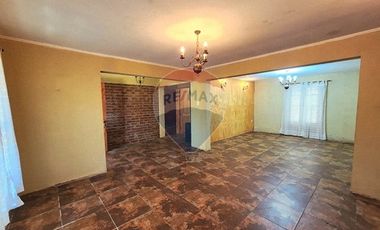 Se Arrienda sólida casa en Olmué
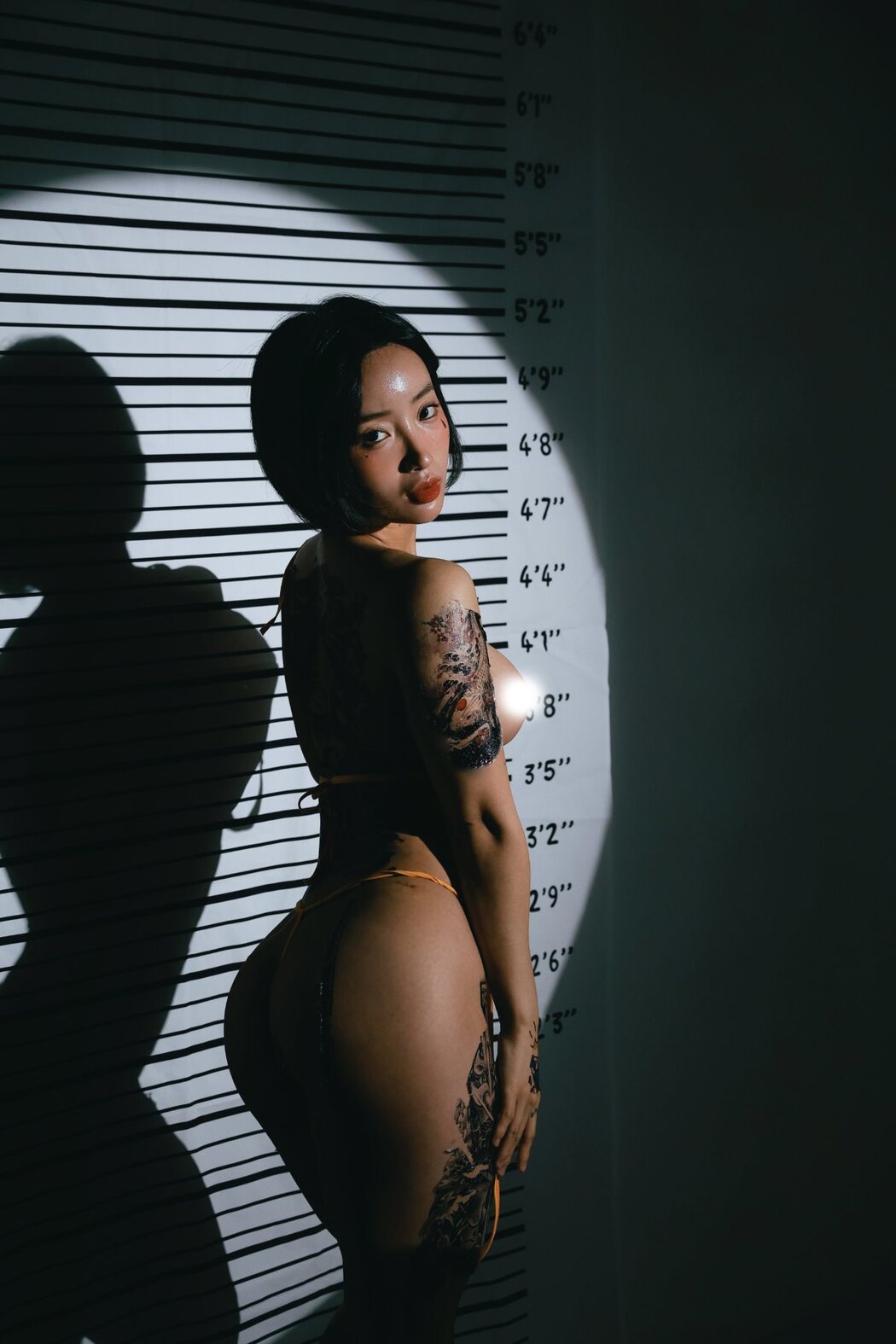 Pinkpie Booty Queen Vol.2 – Sexy Mugshot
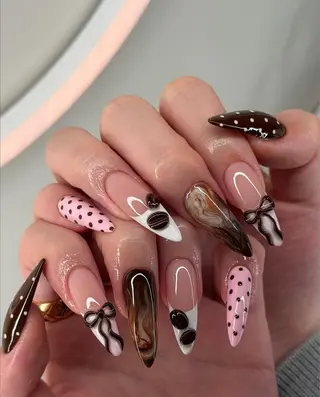 ネイル Diamond Nail Salon所属・夏 美のネイルデザイン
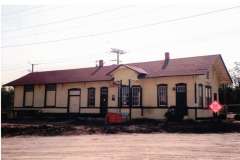 The moving of the Santa Fe Depot from Museum Plaza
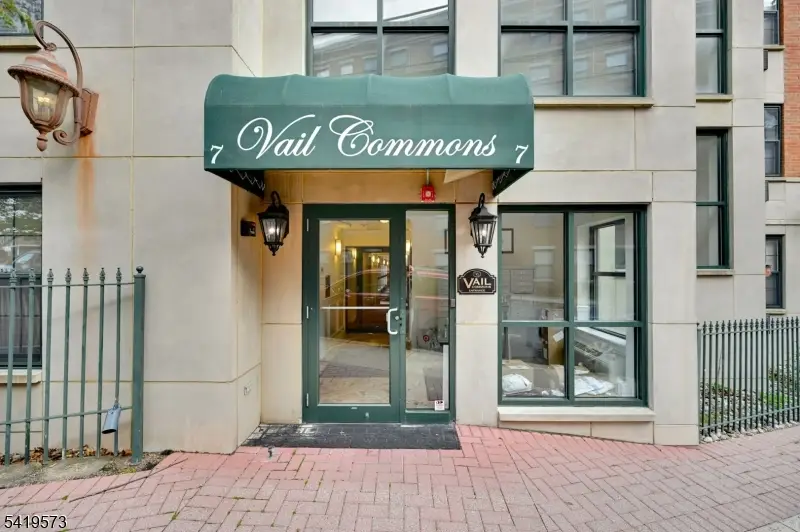 7 Prospect St #410, Morristown, NJ 07960 - #3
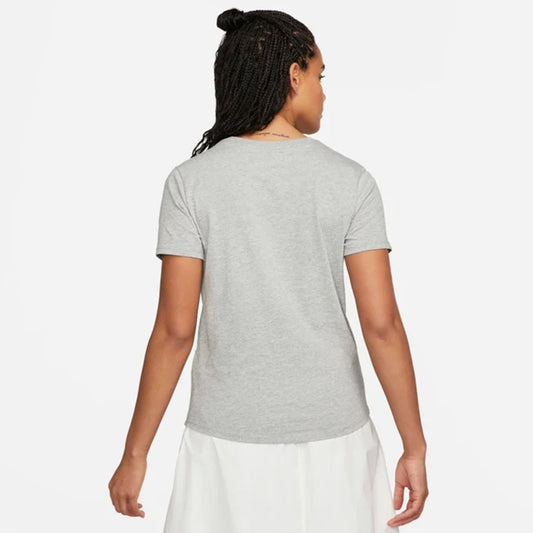 Maicë Nike DX7902 063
· · · · · · ·
INSTRUCTIONS FOR THE TASK = Repeat the entries above exactly as written, but not their pictures.

ANSWER AREA =
 Se Arrienda sólida casa en Olmué
 Pinkpie Booty Queen Vol.2 – Sexy Mugshot
 ネイル Diamond Nail Salon所属・夏 美のネイルデザイン
 The moving of the Santa Fe Depot from Museum Plaza
 7 Prospect St #410, Morristown, NJ 07960 - #3
 Maicë Nike DX7902 063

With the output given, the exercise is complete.